It's Not Rocket Science: Save for Your Future


Jobs reports blah blah, foreign markets blah blah, commodity prices blah blah, municipal bonds blah blah.

If that's how you see investing news, don't fret.

Wading into the sea of investments and markets information can be murky.

Many beginning investors don't need to understand all the complicated details to decide how to save for the future.

For many people, the topic of the stock market only flies on their radar upon receipt of 401(k) or IRA statements. If that's the case, you need only be concerned with long-term market performance.

What that means: The short-term ups and downs of individual funds or asset types shouldn't drive the decisions you make with your retirement savings.

"Time is a very important consideration for investors," says JJ Montanaro, a certified financial planner professional with USAA. "Your investments should align with the timeframe of the goals for which you are investing.
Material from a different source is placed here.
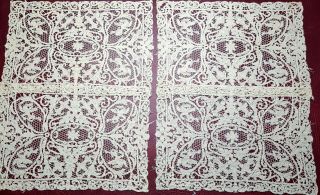 Set 4 Vintage Linen Lace Table Mats - Hand Embroidery - Beige - Floral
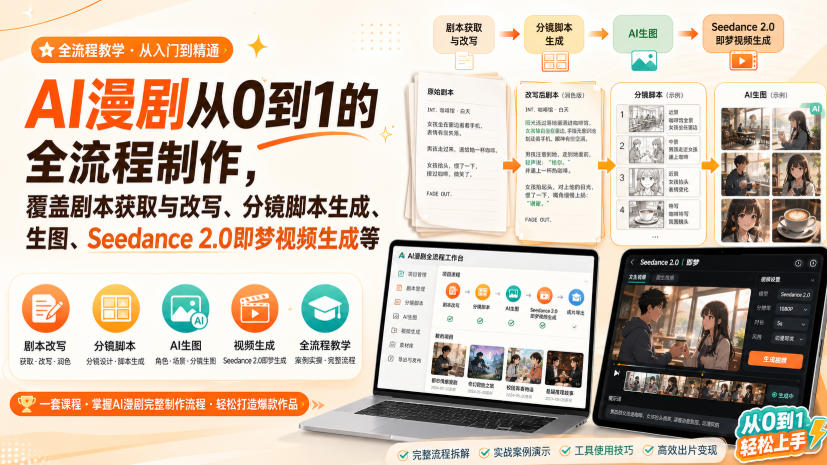 AI漫剧从0到1的全流程制作,覆盖剧本获取与改写、分镜脚本生成、角色场景生图与三视图、Seedance 2.0即梦视频生成(PDF版) AI漫剧从0到1的全流程制作,覆盖剧本获取与改写、分镜脚本生成、角色场景生图与三视图、Seedance 2.0即梦视频生成(PDF版)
"A 401(k) is primarily for retirement," Montanaro adds. "If you have 30 or 40 years until retirement, you probably shouldn't make wholesale changes in your portfolio based on what may or may not happen over the next six months or a year."
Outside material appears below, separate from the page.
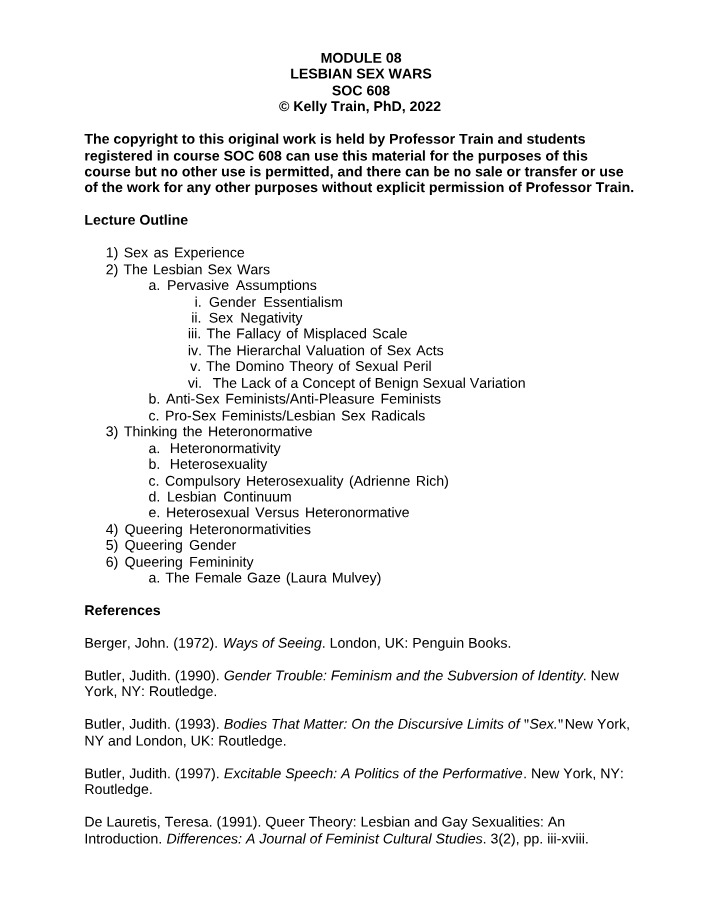 SOC 608 Module 8 - Lesbian Sex Wars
Instead of spending hours deciphering blips in the S&P 500, focus on developing good habits: Save early, and save often. At this stage, your best shot at helping "future you" have money in the bank is to follow these suggestions:

  • Set aside at least 10 percent of every paycheck in a 401(k) or IRA.
  • Take advantage of an employer match if it's available. (The employer is giving you extra money!)
  • Make sure to have three to six months' worth of expenses in an easily accessible place, such as a traditional savings account.

Obviously, you won't be able to avoid terms like allocation and diversification when trying to make the most of your retirement savings. But because the goal is to trend upward over the course of decades, good savings habits are generally more helpful than stressing over the details over which day traders lose sleep.

Don't tune out market information entirely, Montanaro says. Reading reports and commentary and listening to professionals can be an important component of your education as an investor.

"Investing is like just about any activity: With time, education and experience you will improve," Montanaro says.